ASSIGNMENT
Produce a word-for-word copy of the lines from the one that contains "DisKamu's tweet photo." to the final line of the data below, with all pictures dropped.
==============================
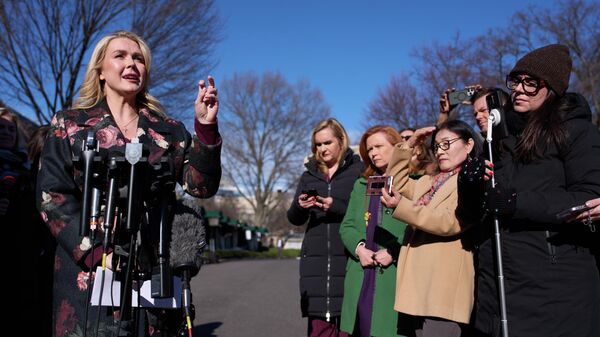 A porta-voz da Casa Branca, Karoline Leavitt, em conversa com a imprensa, em janeiro de 2026 - Sputnik Brasil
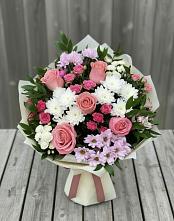 Букет цветов из:  Альстромерии, Гвоздики, Розы и Хризантемы в Подкумке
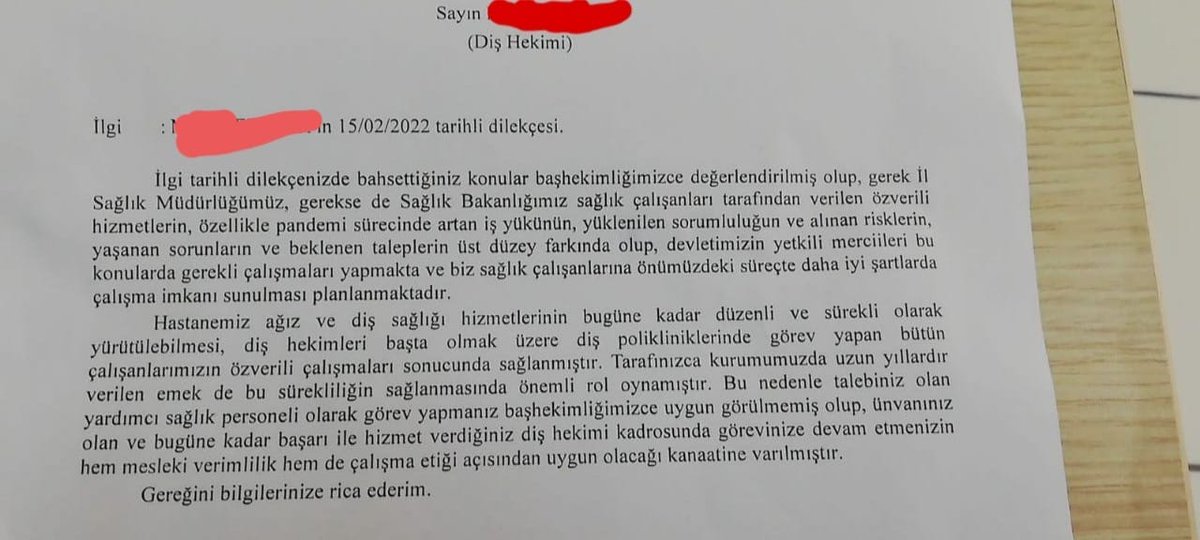 DisKamu's tweet photo. Tüm hukuki, tıbbi riskleri al. Yıpran. Alın terin isyanın olsun. Yazıya dök. 'Hekimliği bırakmak istiyorum' de. Sana 'size ihtiyacımız var' densin ama hala bir düzenleme yapılmasın. Bu kadar mı zor? @tcbestepe @drfahrettinkoca @HMBakanligi @hekimsen @hekim_birligi @Tabip_Sen https://t.co/rrySafwifS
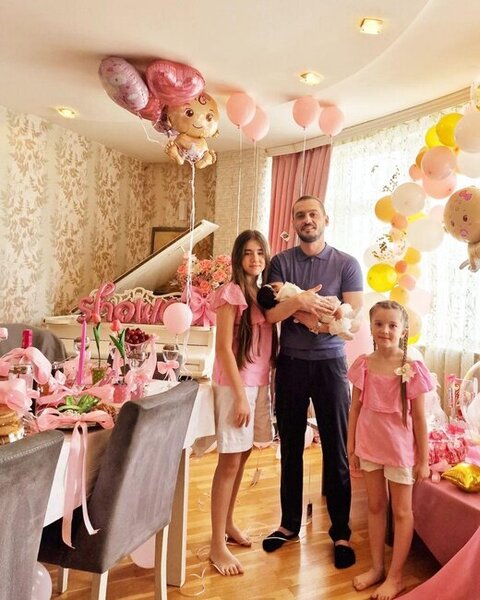 Emilin üçüncü qızı oldu - Fotolar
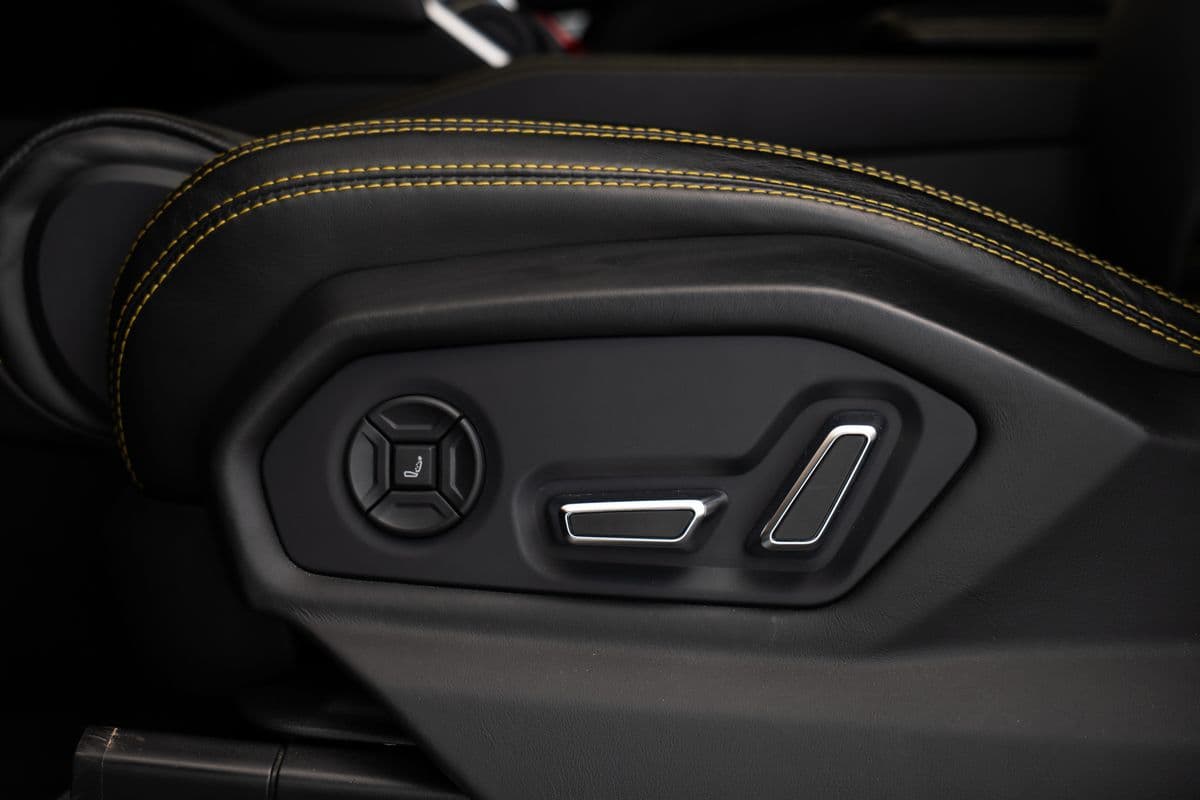 2019 Lamborghini URUS - 8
==============================
EXERCISE RESULT
 DisKamu's tweet photo. Tüm hukuki, tıbbi riskleri al. Yıpran. Alın terin isyanın olsun. Yazıya dök. 'Hekimliği bırakmak istiyorum' de. Sana 'size ihtiyacımız var' densin ama hala bir düzenleme yapılmasın. Bu kadar mı zor? @tcbestepe @drfahrettinkoca @HMBakanligi @hekimsen @hekim_birligi @Tabip_Sen https://t.co/rrySafwifS
 Emilin üçüncü qızı oldu - Fotolar
 2019 Lamborghini URUS - 8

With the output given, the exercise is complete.